No. Squid will continue to operate as normal and will allocate the 6GB
cache_mem eventually, it just means the OS is aware of how much
cache_mem area has (or not) been used at any given time. And squid will
continuously be allocating/deallocating memory blocks. You can see the
churn in the cachemgr memory allocation report.
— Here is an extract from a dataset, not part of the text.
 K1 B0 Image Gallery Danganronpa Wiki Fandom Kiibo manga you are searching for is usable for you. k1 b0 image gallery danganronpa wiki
The benefits of pooling is speed of avoiding allocating new blocks of
RAM. We have not had any actual speed measurements in many years to get
actual numbers. But when I tested it casually about Mar this year the
default malloc library most OS supply was still slower than pools. For
higher speed you will be needing some modern library like talloc which
seemed as good or better than pools (though no numbers means that may be
an illusion). The other allocator libraries competing with talloc are
also very close.
>
>>>
>>>
>>> What is the purpose of --enable-async-io option in squid?
>>
>> To enable Asynchrnous I/O (AIO) for threaded read/write to disks.
>> This is required for AUFS.
>>
> Yes, i am using AUFS.
>>> i read on internet that it enable more performance while using more
>>> thread with that option
>>
>> Yes. Up to the amount of AIO threads your disk controller can work
>> with efficiently. There is a point at which the threads become too
>> many for the controller and things get slow again. I'm not personally
>> aware what that upper limit is.
>>
> i installed squid rpm which i got from my os distro.i used fedora 15
> 64 bit.But i can't find that option in squid -v command.so i guess
> that is not included while installing squid from rpm.
>
> So --enable-async-io is mandatory while we r using AUFS or while we
> are talking for performance how many thread is idle for squid. On
> internet i see 128 thread configuration at many blogs.
>
> Suppose --enable-async-io is not enabled with squid so in that case
> what is default thread for AUFS?
>
Well, its equivalent to "--with-aufs-threads=N_THREADS --with-pthreads
--enable-storeio=ufs,aufs", so they may have set those individually
instead. Or just using the default of 16 per cache_dir.